EXERCISE MATERIALS:
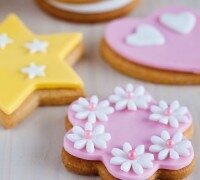 Moule cookie wilton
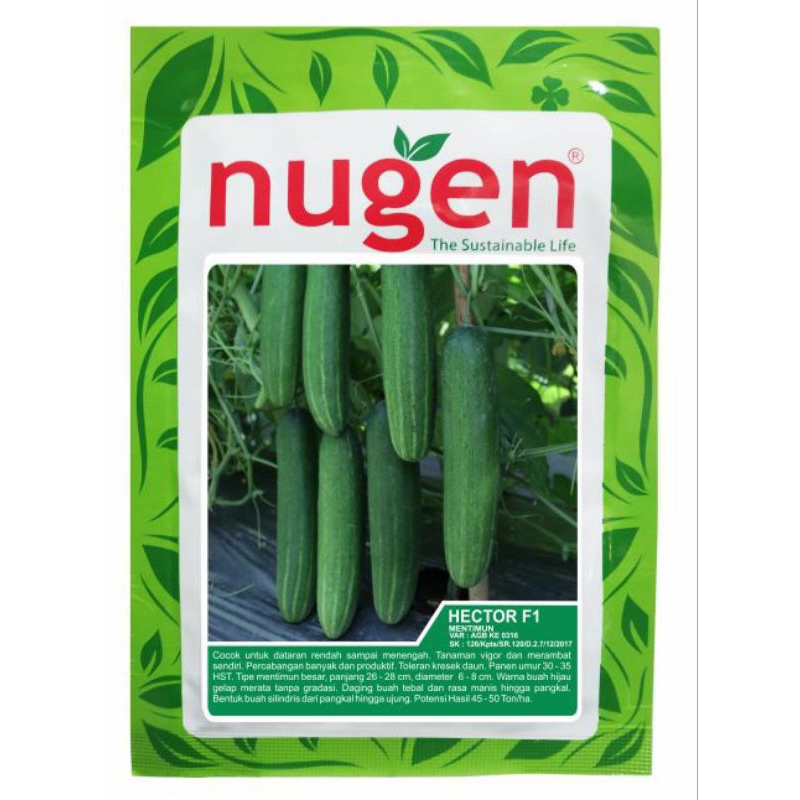 Benih Mentimun Hibrida Nugen Hector F1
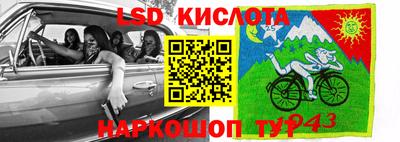 эйфоретик Берёзовский
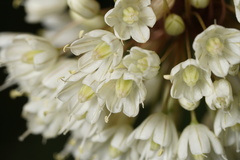 Allium pallens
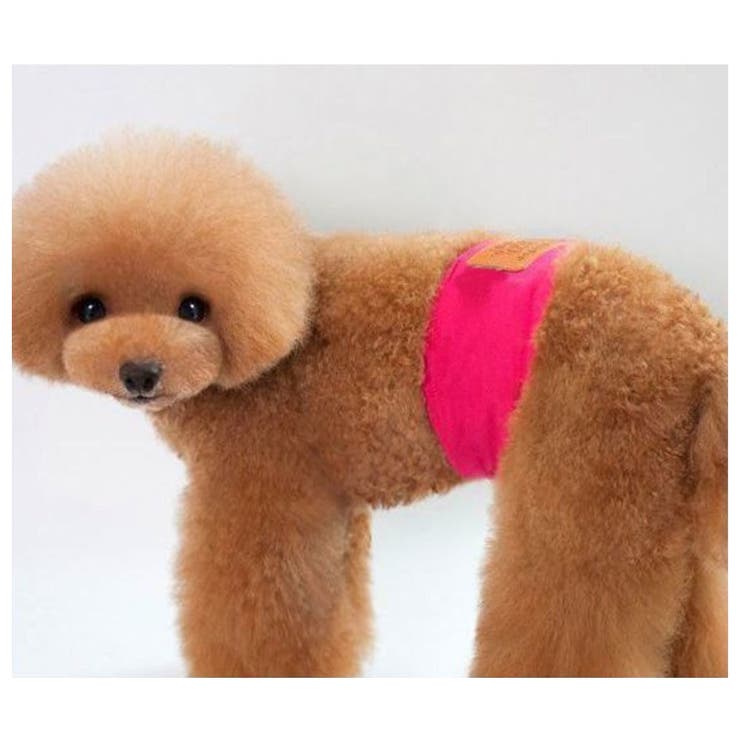 犬用マナーベルト 犬用マナーバンド 犬 用オムツカバー 品番 Fq Plusnao プラスナオ のレディースファッション通販 Shoplist ショップリスト 犬用マナーベルト 犬用マナーバンド 犬 用オムツカバー 品番 Fq Plusnao プラスナオ のレディースファッション通販 Shoplist ショップリスト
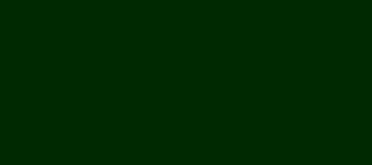 Model Colour 894 - Camo Olive Green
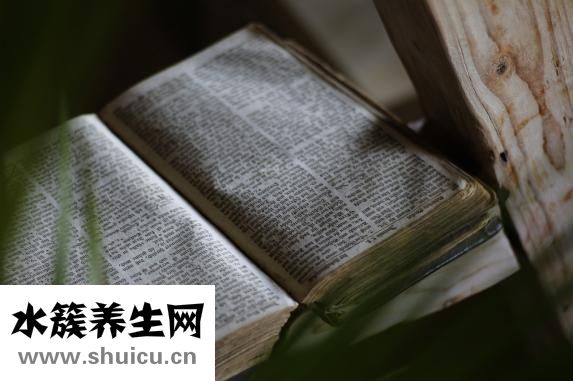 身份證失效怎么辦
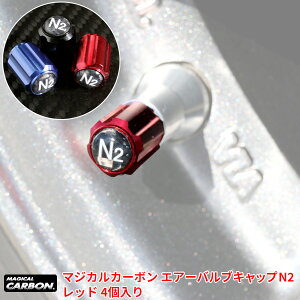 }WJJ[{ GA[ouLbvN2 bh N2KXifKXj[Uԗp 4 A~肾 nZv/HASEPRO CAV-1RN2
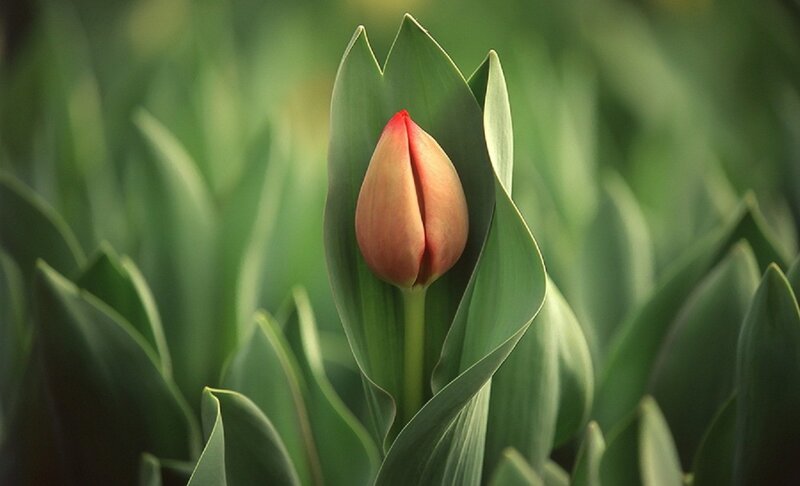 Tulip Bud in Leaves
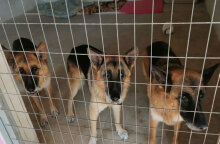 Τα τρία σκυλιά του Ξαρχάκου σε καταφύγιο ζώων  του Δήμου Αθηναίων στον Ελαιώνα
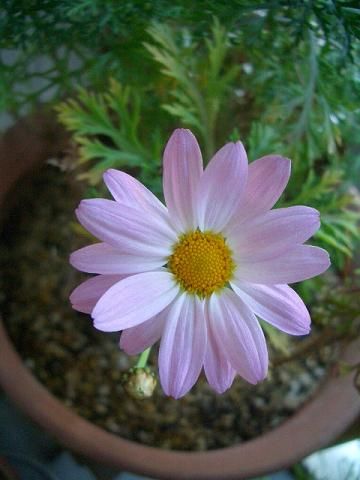 マーガレット ありふれた毎日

WHAT IS EXPECTED: The aim is an exact repeat of the entire listing, stripped of pictures.

WRITTEN RESPONSE:
 Moule cookie wilton
 Benih Mentimun Hibrida Nugen Hector F1
 эйфоретик Берёзовский
 Allium pallens
 犬用マナーベルト 犬用マナーバンド 犬 用オムツカバー 品番 Fq Plusnao プラスナオ のレディースファッション通販 Shoplist ショップリスト 犬用マナーベルト 犬用マナーバンド 犬 用オムツカバー 品番 Fq Plusnao プラスナオ のレディースファッション通販 Shoplist ショップリスト
 Model Colour 894 - Camo Olive Green
 身份證失效怎么辦
 }WJJ[{ GA[ouLbvN2 bh N2KXifKXj[Uԗp 4 A~肾 nZv/HASEPRO CAV-1RN2
 Tulip Bud in Leaves
 Τα τρία σκυλιά του Ξαρχάκου σε καταφύγιο ζώων  του Δήμου Αθηναίων στον Ελαιώνα
 マーガレット ありふれた毎日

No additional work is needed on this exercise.